My mother had finished only the Third grade, due to the occupation of her father, who was a drayer, a person who worked on roads and other infrastructure projects. This required her family to move quite often without being able to attend school. She became a self-educated person by attending movies and then writing the plot of the story on her own. She told me that in school she had attended, her class had always used the Bible as a book to teach reading. She felt that schools should still be using the Bible in the classroom, rather than all the other books we had at our disposal. History shows that most schools were either religious in nature or continued to use religious material in their studies up until the turn of the century and even much later.
Mother’s thinking was very prevalent in the early day communities in that people saw education as a religious function, rather than as the teaching of reading and math for achieving educational understanding.
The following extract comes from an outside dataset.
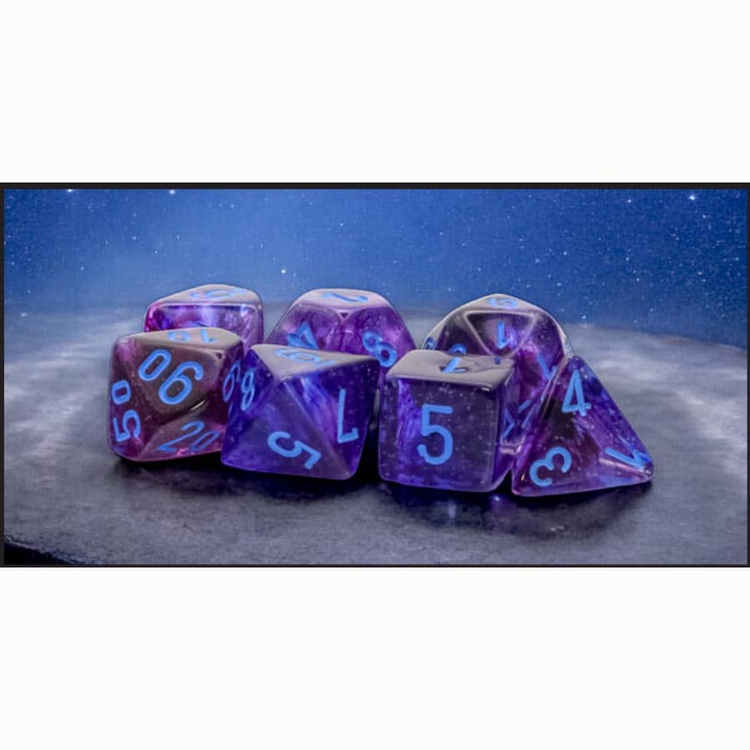 CHX 22547 NEBULA NOCTURNAL/BLUE MEGA-HEDRAL POLY 7PC DICE SET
All three of the Southern churches (Baptist, Methodist and Presbyterians) believed as the Southern Baptist Convention declared, in 1913, that God believes in education but that their endorsement of public education be coupled with demands that they operate under a religious influence. Obviously, as a school principal, my mother and I did not share the same religious convictions about education.
Shortly after this time, I attended the Royal Ambassador (R.A.) camp at Lake Brownwood for three days and what was supposed to be a enjoyable Summer outing turned out to be a three day confinement in a Baptist penal institution for boys too young for prison confinement. The girls and boys were not allowed to swim together as this might lead to lustful thoughts and I hadn’t had enough experience to know of any lustful ideas. We began each day with morning vespers, had religious training in the afternoon and ended the evenings with long boring sermons by young College ministerial students. They saw all of the young boys much like the football team would see the tackling dummies – something to pound hard on while getting in lots of free practice. I remember telling my mother on return from the camp, “Don’t you ever try to send me back to one of those camps again!”
I think that this experience helped to inoculate me against the Baptist subordination and indoctrination techniques (modus Operandi) more than anything else ever did. I am not saying that I did not find many good convictions and Christian ideals from the Baptist Church to follow but I don’t think they were taught by the preachers. Rather, they were caught from those around me who really practiced religious behavior in their daily lives, such as my mother and father.
The one thing I most value about my experience as a Baptist is a devout belief in the separation of Church and State and the partition which separates Church and politics. It is a belief that is good for both the Church and the State. Baptists used to believe in this precept and I respect those who were able to cling to this idea that religion and politics shouldn’t be mixed – for if left unchecked, one can so easily destroy the value of the other – an actuality or occurrence which has been playing out on the World stage for years!